Konsep yang dikembangkan dalam metode pembelajaran di kelas  adalah dengan membiarkan anak didik mengekspresikan makna obyek tertentu dalam proses belajarnya. Dan yang lebih menarik lagi guru bisa mengembangkan daya kritis anak dengan membantunya terus bertanya tentang obyek tersebut. Learning through questions adalah konsep yang bisa dikembangkan untuk mengembangkan daya kritis anak sekaligus membangun pengetahuan seorang anak akan suatu obyek yang dekat dalam kesehariannya. Proses belajar ini bisa membawa anak mempertanyakan hal-hal dalam kesehariannya yang tentu saja sangat membantunya memahami lingkungan di sekitarnya.
Selain konsep learning through questions ini, juga ada metode pembelajaran yang bernama Show and Tell . Metode ini banyak dikembangkan di sekolah-sekolah dasar di sini. Dalam program ini anak didik diharapkan membawa sebuah benda dan berbagi cerita tentang benda ini di depan teman-temannya. Dia bisa mengekspresikan pendapatnya akan benda tersebut sekaligus berbagi informasi mengenai benda ini. Keuntungan dari dua program ini adalah adanya pengembangan self actualization (aktualisasi anak didik) dan appreciation value (penghargaan pada anak didik).
Dua program ini berdampak pada pola pikir anak didik maupun pola pikir guru atau orang tua. Sudah saatnya kita mengembangkan paradigma (pemikiran) bahwa guru atau orang tua tidak lagi menjadi satu-satunya pusat informasi tetapi menjadi fasilitator yang diharuskan lebih menghargai, memberi ruang dan tentu saja lebih open minded.
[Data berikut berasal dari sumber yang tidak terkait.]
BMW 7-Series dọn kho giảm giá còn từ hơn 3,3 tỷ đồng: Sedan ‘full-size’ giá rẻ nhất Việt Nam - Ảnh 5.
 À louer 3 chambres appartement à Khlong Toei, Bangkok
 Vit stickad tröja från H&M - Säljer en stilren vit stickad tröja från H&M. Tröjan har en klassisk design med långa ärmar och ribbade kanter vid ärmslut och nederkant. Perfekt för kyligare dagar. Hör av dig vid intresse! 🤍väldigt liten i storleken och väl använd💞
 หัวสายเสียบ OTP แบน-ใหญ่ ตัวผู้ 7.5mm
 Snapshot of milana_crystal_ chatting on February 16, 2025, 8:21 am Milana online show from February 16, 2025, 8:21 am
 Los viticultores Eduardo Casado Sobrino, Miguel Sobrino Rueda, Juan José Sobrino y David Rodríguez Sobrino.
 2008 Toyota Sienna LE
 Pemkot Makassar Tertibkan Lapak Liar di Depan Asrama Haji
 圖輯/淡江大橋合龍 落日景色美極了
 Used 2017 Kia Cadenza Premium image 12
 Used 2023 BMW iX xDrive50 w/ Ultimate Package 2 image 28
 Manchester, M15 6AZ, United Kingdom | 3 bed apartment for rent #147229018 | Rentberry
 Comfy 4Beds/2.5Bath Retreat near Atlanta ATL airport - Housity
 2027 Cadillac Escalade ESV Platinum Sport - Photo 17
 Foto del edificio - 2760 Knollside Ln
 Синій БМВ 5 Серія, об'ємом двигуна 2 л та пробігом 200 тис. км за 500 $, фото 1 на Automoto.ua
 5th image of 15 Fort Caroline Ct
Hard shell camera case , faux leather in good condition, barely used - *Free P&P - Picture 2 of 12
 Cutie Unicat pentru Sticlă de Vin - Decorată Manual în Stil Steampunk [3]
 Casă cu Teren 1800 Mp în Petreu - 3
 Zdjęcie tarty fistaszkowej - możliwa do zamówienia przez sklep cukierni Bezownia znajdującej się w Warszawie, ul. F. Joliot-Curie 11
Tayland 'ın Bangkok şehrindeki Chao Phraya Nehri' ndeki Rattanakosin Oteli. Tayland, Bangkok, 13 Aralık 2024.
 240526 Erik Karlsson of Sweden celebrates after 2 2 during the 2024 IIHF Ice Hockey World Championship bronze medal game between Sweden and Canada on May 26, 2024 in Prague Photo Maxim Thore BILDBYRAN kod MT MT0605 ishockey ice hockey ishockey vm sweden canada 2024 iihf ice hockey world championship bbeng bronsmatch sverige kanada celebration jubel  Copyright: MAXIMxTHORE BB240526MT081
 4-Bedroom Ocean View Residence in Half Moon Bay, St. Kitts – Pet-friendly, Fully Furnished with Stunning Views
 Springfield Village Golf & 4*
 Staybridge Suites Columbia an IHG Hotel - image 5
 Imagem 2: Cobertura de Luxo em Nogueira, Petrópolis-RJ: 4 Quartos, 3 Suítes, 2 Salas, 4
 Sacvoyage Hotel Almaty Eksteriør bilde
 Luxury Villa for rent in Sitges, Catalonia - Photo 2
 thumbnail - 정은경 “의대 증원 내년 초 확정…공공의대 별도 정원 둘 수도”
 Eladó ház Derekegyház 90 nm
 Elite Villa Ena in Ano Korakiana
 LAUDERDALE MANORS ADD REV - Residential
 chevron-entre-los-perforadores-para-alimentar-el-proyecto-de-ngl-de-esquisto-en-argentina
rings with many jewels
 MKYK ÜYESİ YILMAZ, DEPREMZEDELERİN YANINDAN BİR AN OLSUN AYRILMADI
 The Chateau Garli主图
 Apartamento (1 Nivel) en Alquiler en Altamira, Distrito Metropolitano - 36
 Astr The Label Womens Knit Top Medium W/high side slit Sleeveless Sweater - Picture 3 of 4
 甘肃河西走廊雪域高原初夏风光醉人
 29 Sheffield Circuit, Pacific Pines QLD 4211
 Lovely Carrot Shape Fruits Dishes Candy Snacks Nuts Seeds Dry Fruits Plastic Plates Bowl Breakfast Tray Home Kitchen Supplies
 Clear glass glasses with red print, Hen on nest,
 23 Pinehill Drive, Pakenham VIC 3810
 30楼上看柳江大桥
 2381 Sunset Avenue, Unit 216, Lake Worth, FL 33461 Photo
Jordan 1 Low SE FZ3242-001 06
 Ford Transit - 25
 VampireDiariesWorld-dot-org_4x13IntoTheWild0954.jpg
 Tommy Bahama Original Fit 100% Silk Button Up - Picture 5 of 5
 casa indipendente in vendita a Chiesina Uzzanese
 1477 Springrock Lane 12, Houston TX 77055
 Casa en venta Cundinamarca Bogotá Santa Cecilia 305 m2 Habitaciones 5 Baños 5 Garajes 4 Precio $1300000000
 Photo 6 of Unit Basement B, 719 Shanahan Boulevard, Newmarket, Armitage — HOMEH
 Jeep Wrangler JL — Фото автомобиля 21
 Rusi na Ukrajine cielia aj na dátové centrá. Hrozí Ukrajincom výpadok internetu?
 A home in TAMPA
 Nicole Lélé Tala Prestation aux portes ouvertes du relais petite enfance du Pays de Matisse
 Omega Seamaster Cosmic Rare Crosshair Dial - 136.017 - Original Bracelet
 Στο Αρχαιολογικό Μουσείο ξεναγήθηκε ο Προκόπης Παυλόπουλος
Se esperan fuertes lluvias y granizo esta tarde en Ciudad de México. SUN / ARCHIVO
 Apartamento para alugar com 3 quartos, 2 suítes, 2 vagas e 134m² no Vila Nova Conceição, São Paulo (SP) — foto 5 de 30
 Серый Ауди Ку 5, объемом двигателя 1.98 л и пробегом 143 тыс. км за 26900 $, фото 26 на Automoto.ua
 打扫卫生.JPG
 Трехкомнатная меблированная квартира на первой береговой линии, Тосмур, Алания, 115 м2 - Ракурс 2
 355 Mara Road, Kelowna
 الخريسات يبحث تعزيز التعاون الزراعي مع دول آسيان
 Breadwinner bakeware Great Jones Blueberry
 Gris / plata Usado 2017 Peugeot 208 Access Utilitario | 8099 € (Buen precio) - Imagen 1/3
Orang tua dan guru diharapkan tidak egois, mau mengakui kekurangan dan terus mendukung anak-anak dalam proses pembelajaran ini.  
Satu praktek menarik di Australia adalah bahwa sebuah sekolah mempunyai motto yang menarik. Motto ini diharapkan bisa mewarnai sikap anak didiknya. Motto ini misalnya honesty, integrity, responsible and getting along. Nilai-nilai ini akan selalu dikembangkan dalam segala proses belajar mengajar. Pengikutsertaan orang tua dalam program- program  sekolah juga menjadi satu kunci penting berhasilnya proses penanaman nilai-nilai ini.
Apa yang diharapkan warga dari sebuah sistem pendidikan? Bagi orang awam sekalipun pasti tahu bahwa yang dibutuhkan adalah setidaknya kurikulum yang baik, pengajar yang enak, fasilitas memadai, dan biaya murah, jika bisa. lingkungan sekolah yang kondusif, daya saing yang tinggi, serta segala aspek lain yang ada di luar ruang sekolah. Tampaknya hal itu tersedia di Singapura. Perbandingan sistem pendidikan di Singapura dengan Indonesia seperti bumi dan langit rasanya.
Dari sekolah dasar hingga universitas, misalnya, siswa sudah dipantau dan diarahkan untuk mendapatkan pendidikan yang cocok untuknya. Jadi, tidak semua warga layak atau bebas masuk universitas di Singapura. Sementara pendidikan kita terkesan “ala kadarnya dan tidak begitu terpatau perkembangan kualitas SDM anak didik dari SD hingga Universitas, sehingga saat duduk di bangku SMA terlihat galau atau bengong kemana hendak menyambung studi.
Ruang kelas, perpustakaan, kantin sekolah, dan tempat bersantai juga tersedia. Ruang kelas ditata secara bersih dan membuat murid bisa melihat guru atau dosen dan sebaliknya dosen atau guru bisa memantau semua anak didiknya. Kelas diperlengkapi dengan peralatan yang memudahkan guru melakukan presentasi lewat slide yang sudah melekat di setiap ruang sekolah sehingga tidak perlu repot setiap kali melakukan presentasi.
Guru di Singapura juga tidak kalah profesionalnya. Dengan gaji yang tergolong memadai, orang- orang terangsang menjadi guru. Yaitu orang- orang yang talenta di dunia pendidikan.
Jadi, selain mendapatkan ilmu, para siswa dan guru juga diberi pencerahan dengan menghadiri seminar-seminar gratis tetapi sangat berkualitas. Tentu saja presentasi seminar tidak membuat bosan dan mengantuk.
Guru dan siswa sering kali mendapatkan kesempatan untuk melakukan studi tur dengan menjelajah daerah lain buat melihat kemajuan dan menimba pengalamannya. Melakukan banyak eksplorasi- kunjungan- dan mengundang orang/ tokoh lain ke sekolah otomatis membuat warganya terbiasa bergaul secara luas ketika masih berada di sekolah. Sehingga warganya tidak menjadi seperti katak di bawah tempurung.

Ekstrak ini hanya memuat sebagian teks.